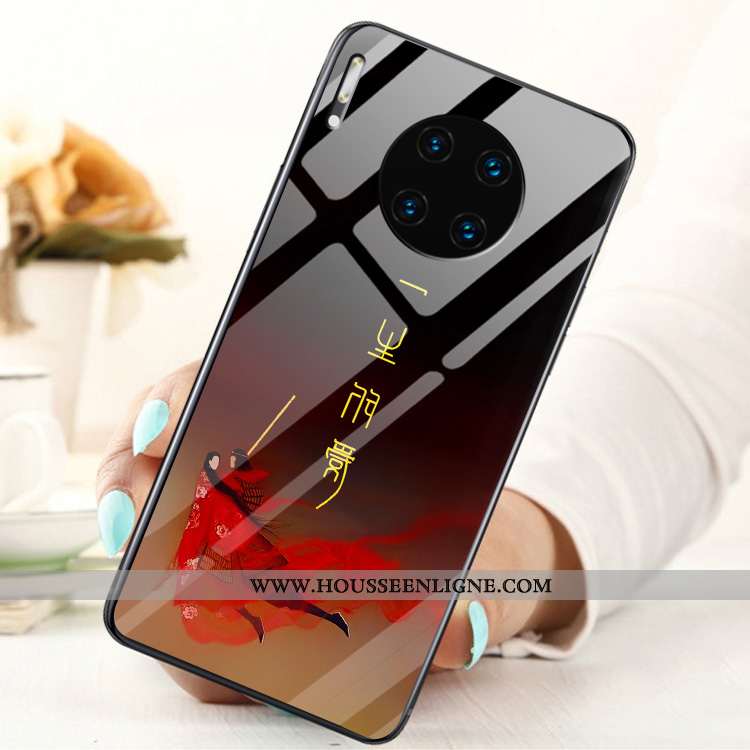 Housse Huawei Mate 30 Verre Personnalité Téléphone Portable Incassable Protection Tempérer Noir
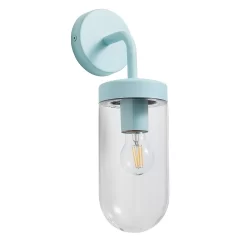 Kew Curved Arm E27 Outdoor Wall Light - Pale Blue -Furniture Series Store 13924368 1814980108023538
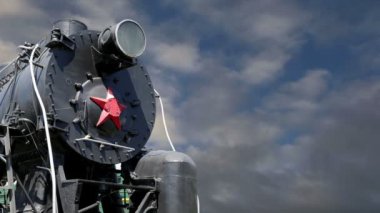 Antik buharlı lokomotif, Rusya'da Moskova demiryolu müzesi, Rizhsky tren istasyonu (Rizhsky vokzal, Riga istasyonu)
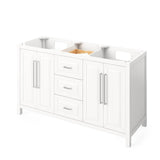 60'' Black Cade Vanity, double bowl, White Carrara Marble Vanity Top, two undermount rectangle bowls
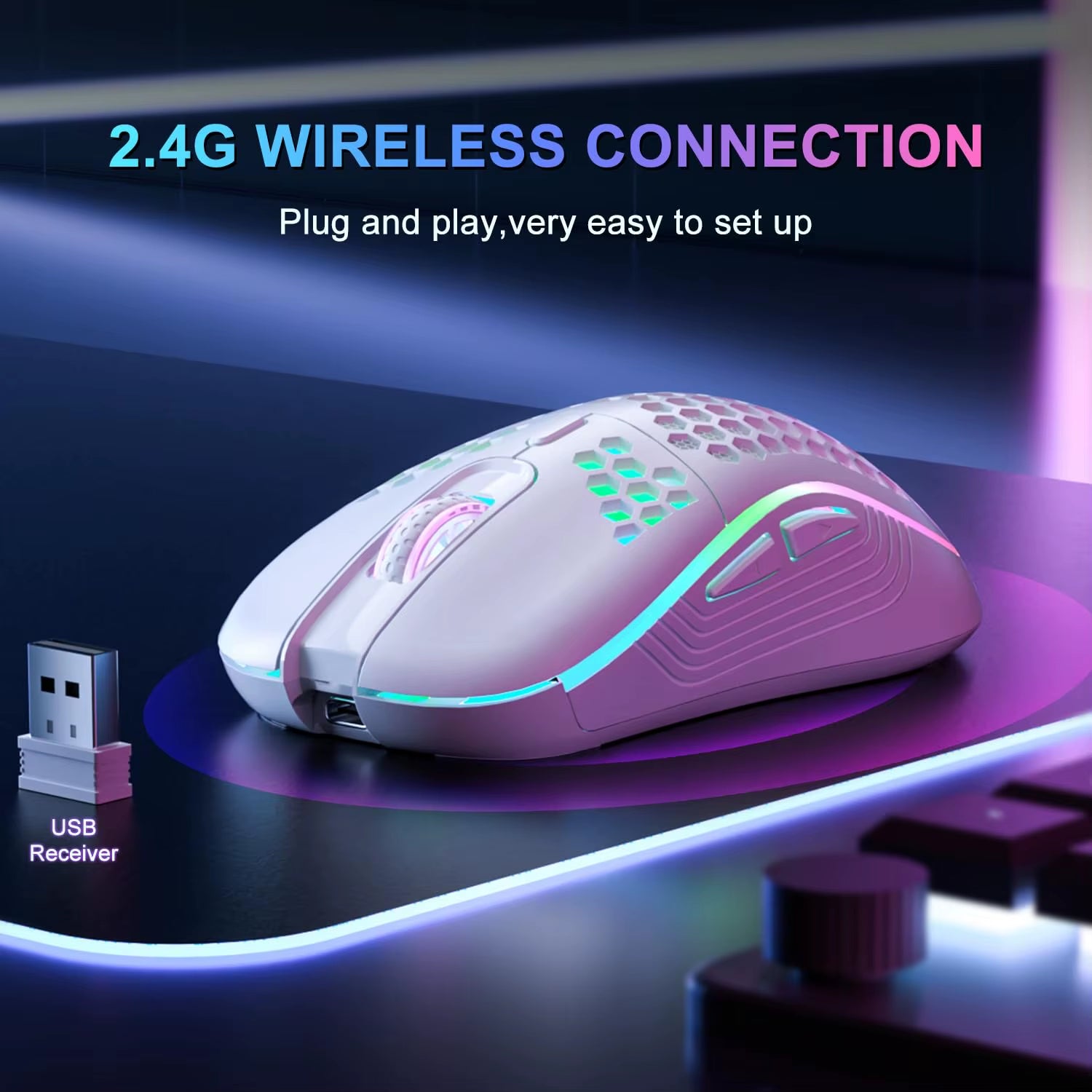 Wireless Mouse with RGB Backlit 6-Button 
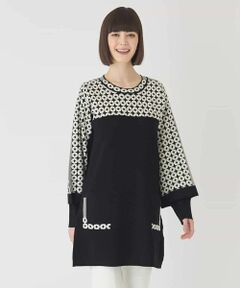 HIROKO BIS / ヒロコビス チュニック | ジャカード×インターシャ幾何柄チュニック
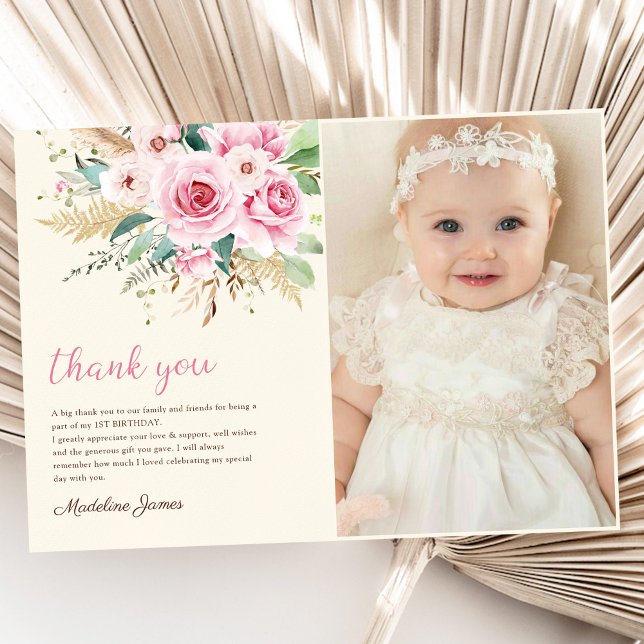 Girl Wildflower 1st Birthday Party Photo Thank You Card (Creator Uploaded)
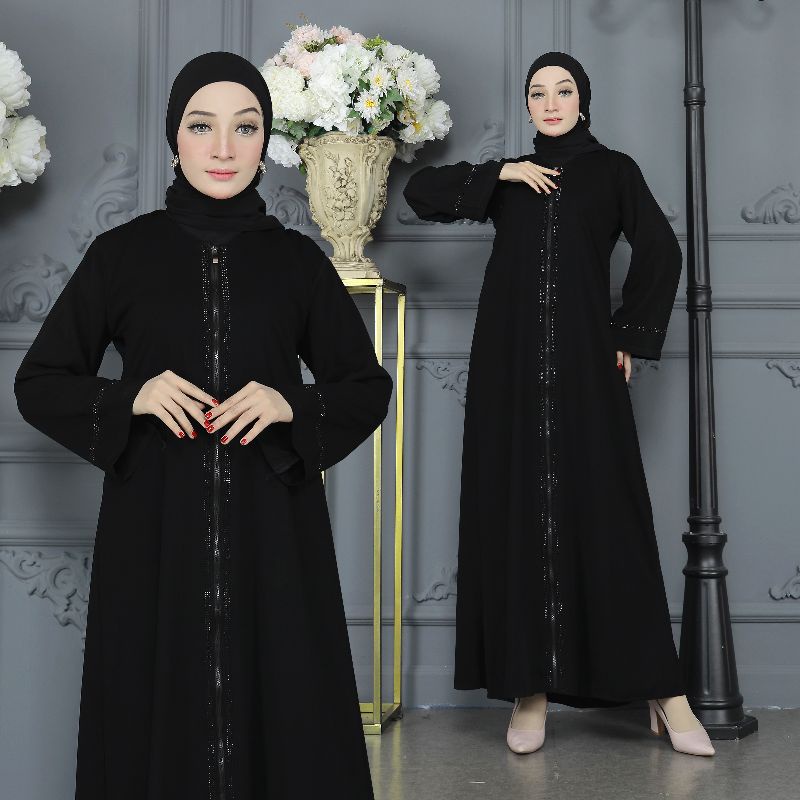 Gallery Exclusive Abaya Hitam Gamis Bordir Turkey Ziper Black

• [WHAT THE EXERCISE ASKS]
Where an entry contains an image, leave the image out; otherwise retype everything exactly.

• [EXERCISE ANSWER]
 Housse Huawei Mate 30 Verre Personnalité Téléphone Portable Incassable Protection Tempérer Noir
 Kew Curved Arm E27 Outdoor Wall Light - Pale Blue -Furniture Series Store 13924368 1814980108023538
 Antik buharlı lokomotif, Rusya'da Moskova demiryolu müzesi, Rizhsky tren istasyonu (Rizhsky vokzal, Riga istasyonu)
 60'' Black Cade Vanity, double bowl, White Carrara Marble Vanity Top, two undermount rectangle bowls
 Wireless Mouse with RGB Backlit 6-Button 
 HIROKO BIS / ヒロコビス チュニック | ジャカード×インターシャ幾何柄チュニック
 Girl Wildflower 1st Birthday Party Photo Thank You Card (Creator Uploaded)
 Gallery Exclusive Abaya Hitam Gamis Bordir Turkey Ziper Black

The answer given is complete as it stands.